Maximum Length of Repeated Subarray

Given two integer arrays nums1 and nums2, return the maximum length of a subarray that appears in both arrays.

Example 1:

Input: nums1 = [1,2,3,2,1], nums2 = [3,2,1,4,7]
Output: 3
Explanation: The repeated subarray with maximum length is [3,2,1].

Example 2:

Input: nums1 = [0,0,0,0,0], nums2 = [0,0,0,0,0]
Output: 5
Explanation: The repeated subarray with maximum length is [0,0,0,0,0].

Constraints:

• 1 <= nums1.length, nums2.length <= 1000
• 0 <= nums1[i], nums2[i] <= 100

class Solution:
    def findLength(self, nums1: List[int], nums2: List[int]) -> int:
        n = len(nums1)
        m = len(nums2)
        dp = [[0] * (m + 1) for _ in range(n + 1)]
        max_length = 0

        for i in range(1, n + 1):
            for j in range(1, m + 1):
                if nums1[i - 1] == nums2[j - 1]:
                    dp[i][j] = dp[i - 1][j - 1] + 1
                    max_length = max(max_length, dp[i][j])
                else:
                    dp[i][j] = 0

        return max_length

Brute Force Solution

A naive approach would be to generate all possible subarrays for both arrays and compare them to find the longest common subarray. This approach has a high time complexity.

def findLength_brute_force(nums1: List[int], nums2: List[int]) -> int:
    max_length = 0
    for i in range(len(nums1)):
        for j in range(len(nums2)):
            length = 0
            while i + length < len(nums1) and j + length < len(nums2) and nums1[i + length] == nums2[j + length]:
                length += 1
            max_length = max(max_length, length)
    return max_length

Optimal Solution

The optimal solution uses dynamic programming to efficiently find the maximum length of a subarray that appears in both arrays.

class Solution:
    def findLength(self, nums1: List[int], nums2: List[int]) -> int:
        n = len(nums1)
        m = len(nums2)
        dp = [[0] * (m + 1) for _ in range(n + 1)]
        max_length = 0

        for i in range(1, n + 1):
            for j in range(1, m + 1):
                if nums1[i - 1] == nums2[j - 1]:
                    dp[i][j] = dp[i - 1][j - 1] + 1
                    max_length = max(max_length, dp[i][j])
                else:
                    dp[i][j] = 0

        return max_length

Big(O) Run-time Analysis

The time complexity of the dynamic programming solution is O(n*m), where n and m are the lengths of nums1 and nums2 respectively. This is because we iterate through each cell of the dp table once, which has dimensions (n+1) x (m+1).
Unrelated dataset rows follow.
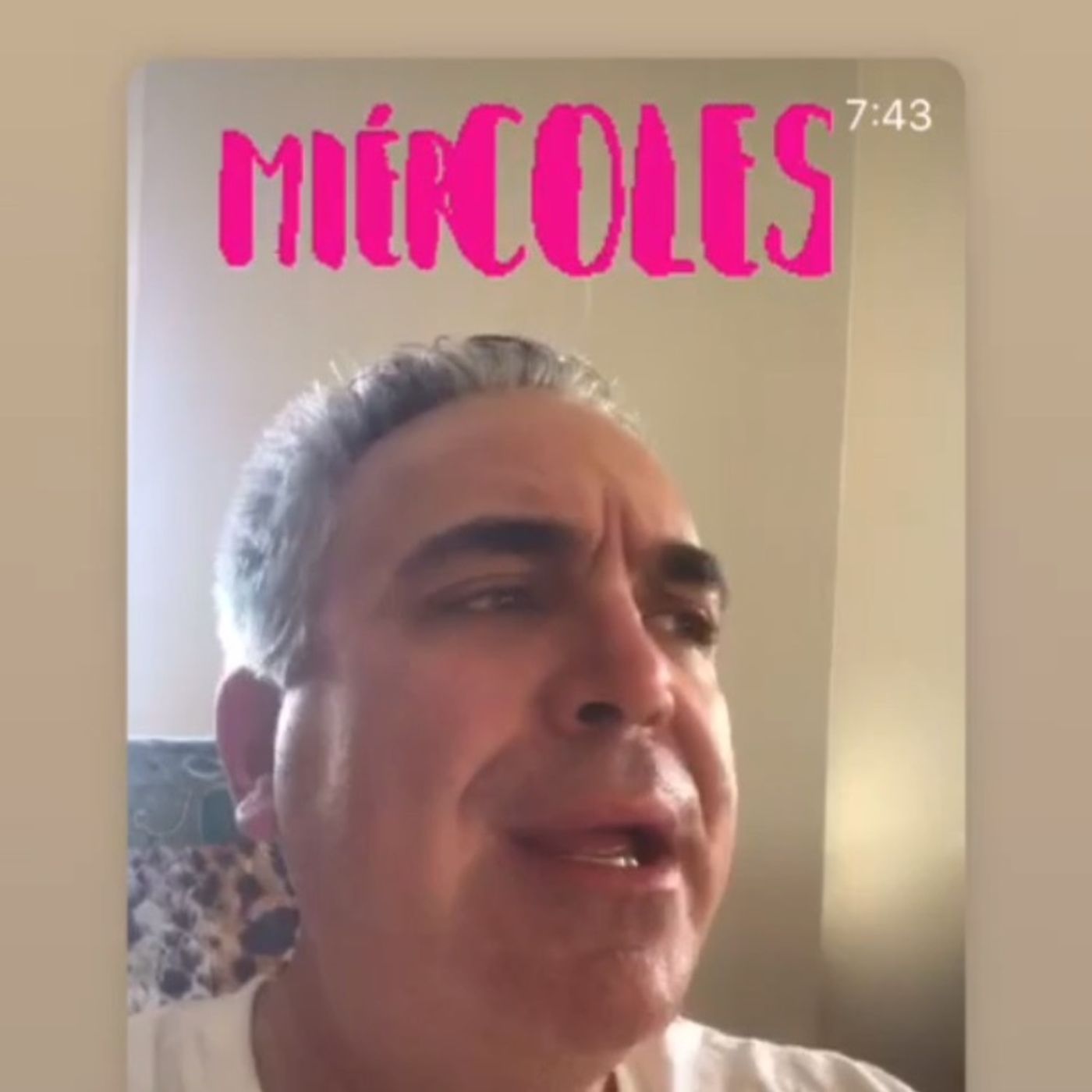 Lavándose... las noticias.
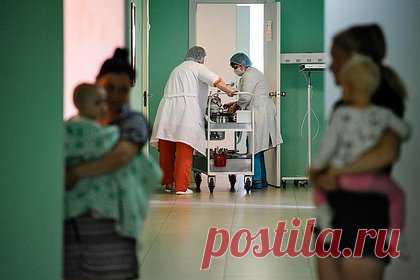 Ухудшилось состояние сбитого российским депутатом шестилетнего мальчика. Состояние шестилетнего мальчика, которого сбил на иномарке депутат Сергей Мамонтов в новосибирском Татарске, ухудшилось. У шестилетнего россиянина после ДТП выявили пролом черепа, перелом седалищной кости, а также внутренние повреждения. Вертолетом санитарной авиации 1 ноября его доставят в Новосибирск.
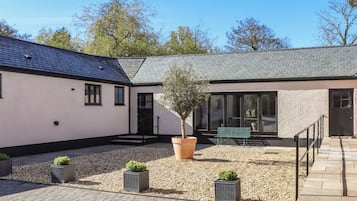 Cottage | Exterior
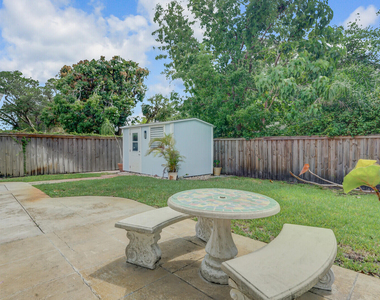 3410 Poinsettia Avenue - Photo Thumbnail 16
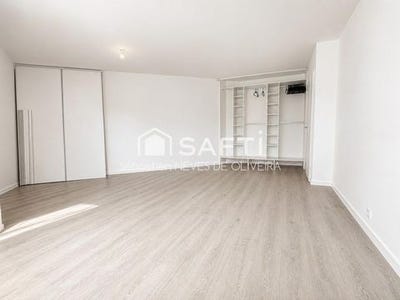 /international/fr/pontault-combault-ile-de-france-310108927578/
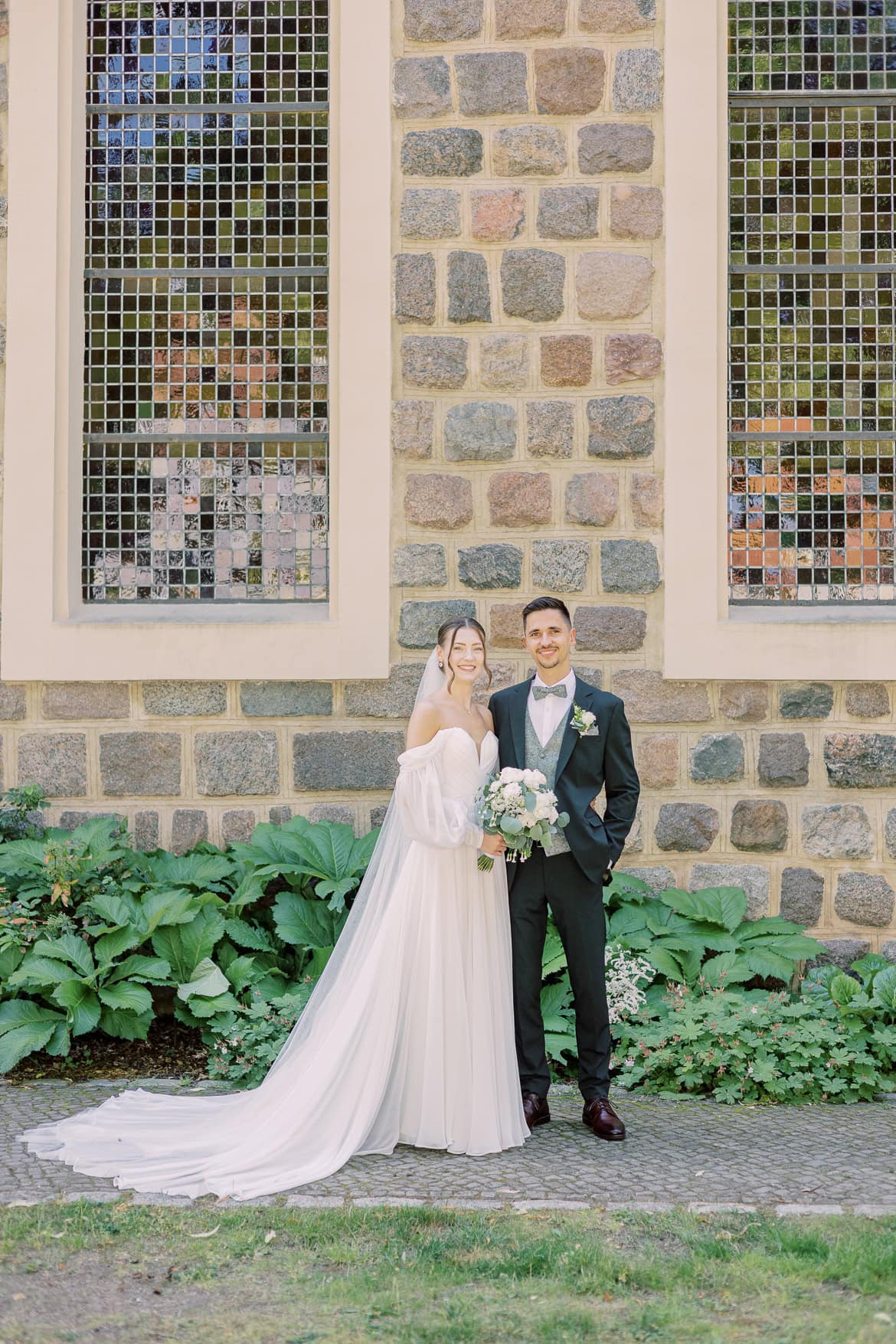 Sommer Hochzeit in der Altstadt Teltow mit romantischem First Look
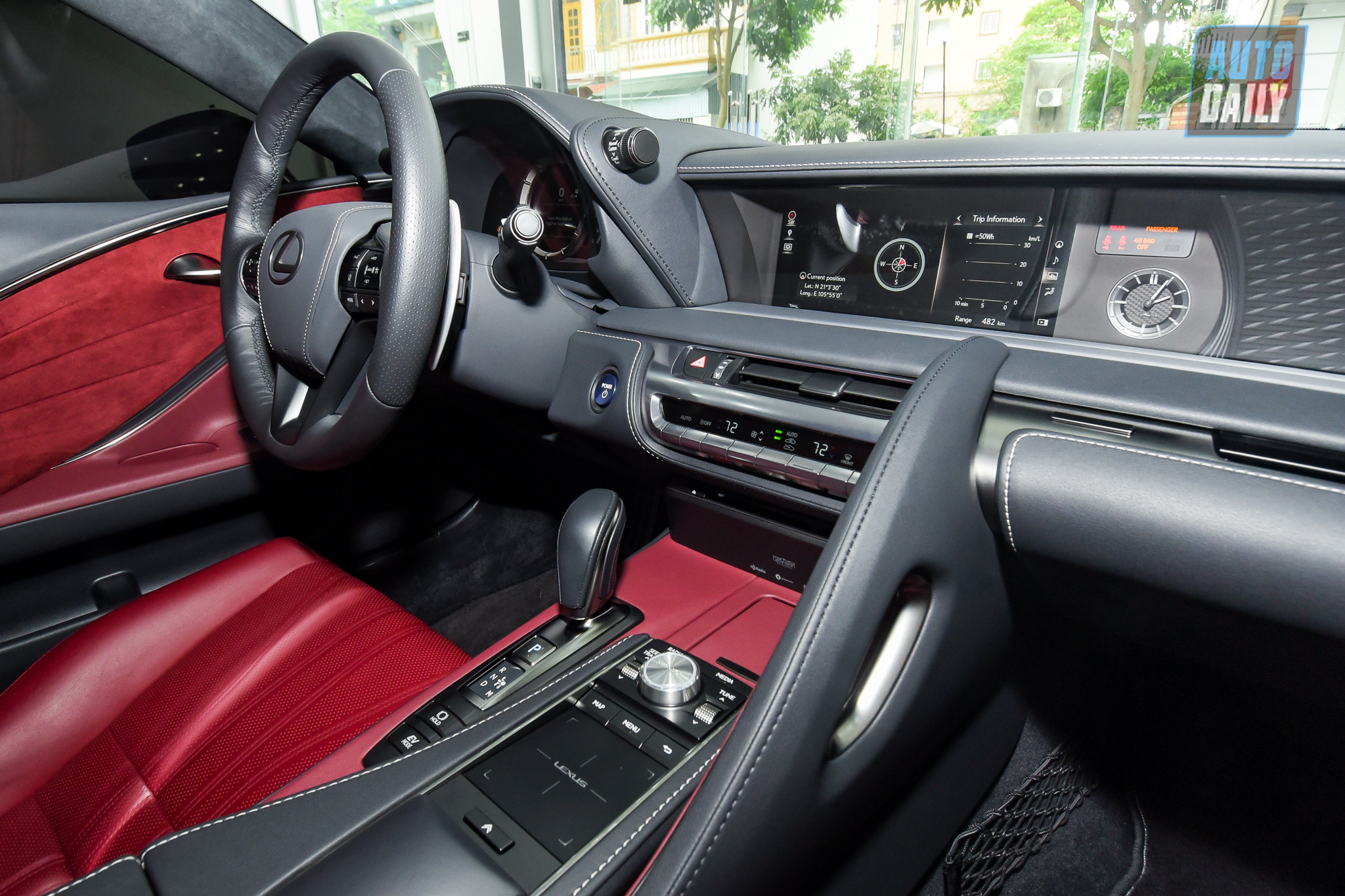 Ảnh chi tiết Lexus LC500h độc nhất Việt Nam giá hơn 8 tỷ dsc-5897.jpg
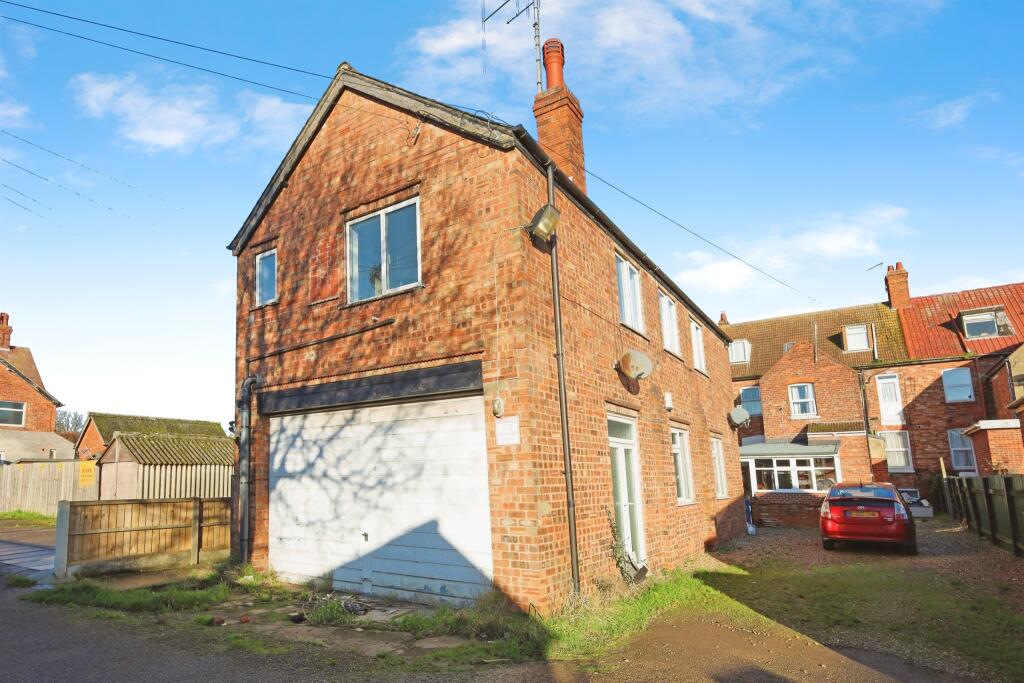 Main image of property: Scarbrough Avenue, Skegness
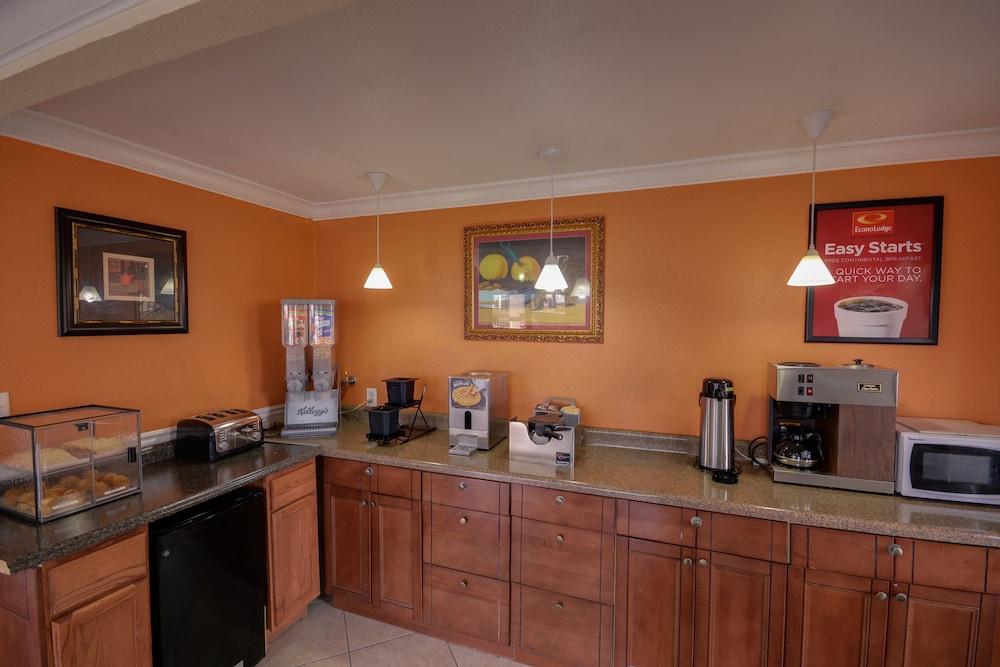 Econo Lodge Lake Charles University Area Extérieur photo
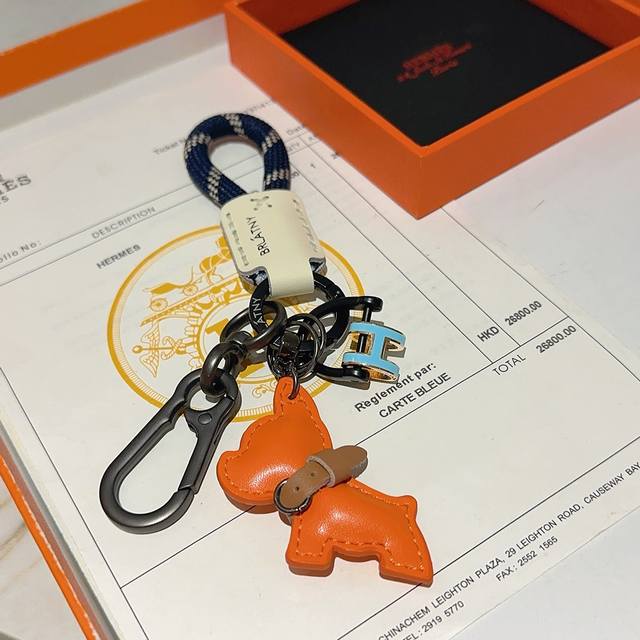 新款Hermes爱马仕钥匙扣钥匙扣加厚版 铂金版。高级精工版 众多网红同款 爱马仕挂饰钥匙扣太考验师傅的手艺了 要确保每个细节都到位不简单 高端定制 男女同款 新款Hermes爱马仕钥匙扣钥匙扣加厚版 铂金版。高级精工版 众多网红同款 爱马仕挂饰钥匙扣太考验师傅的手艺了 要确保每个细节都到位不简单 高端定制 男女同款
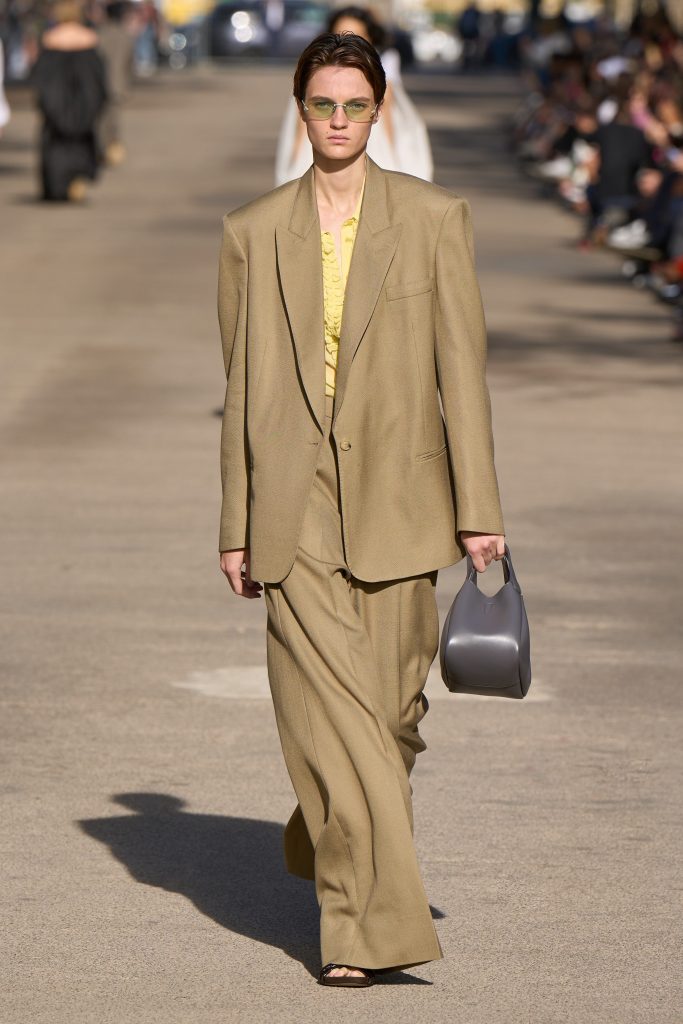 5 вещей, которых точно нет в гардеробе богатых людей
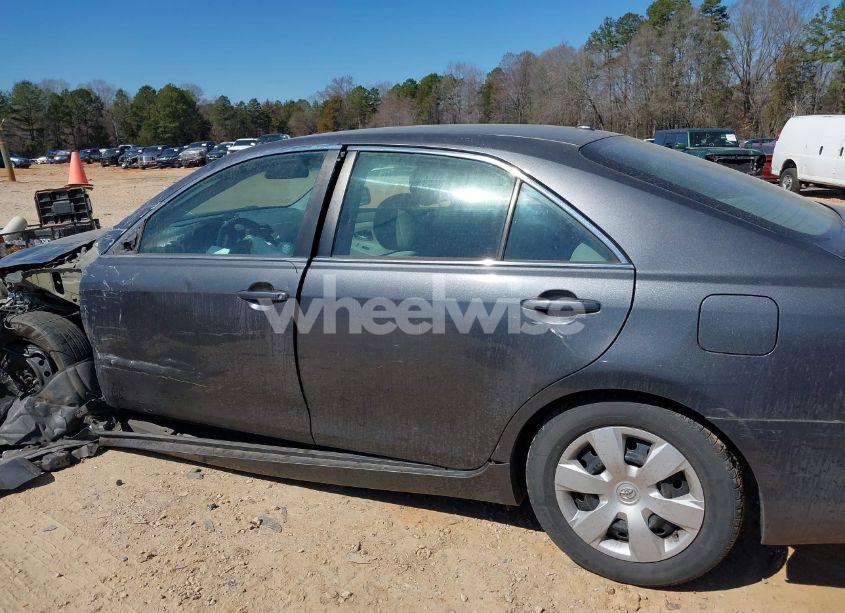 Photo 13 of 2010 Toyota Camry LE (VIN 4T1BF3EKXAU061963)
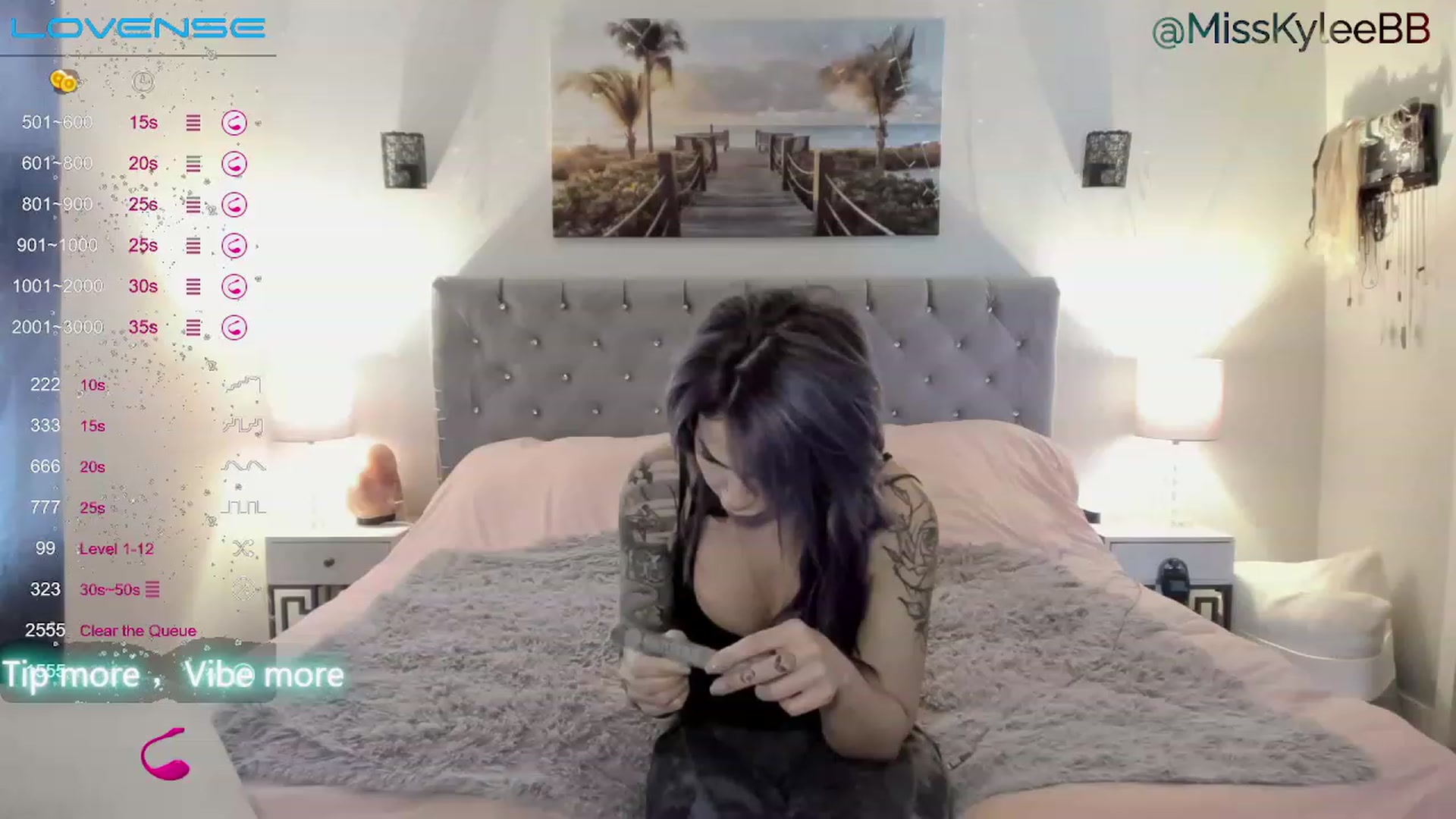 Gallery image thumbnail from MissKyleeBB's myfreecams stream on, 01/31/2023, 20:12 image 4 of 20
Big(O) Space Usage Analysis

The space complexity of the dynamic programming solution is O(n*m) because we use a 2D array dp of size (n+1) x (m+1) to store the lengths of common subarrays.

Edge Cases

1. Empty Arrays: If either nums1 or nums2 is empty, the maximum length of the common subarray is 0.
2. No Common Subarray: If there is no common subarray between nums1 and nums2, the maximum length is 0.
3. Identical Arrays: If nums1 and nums2 are identical, the maximum length is the length of either array.
4. Arrays with Overlapping Elements: The algorithm correctly handles cases where the arrays have overlapping elements, finding the longest common subarray even if it's not contiguous in the original arrays.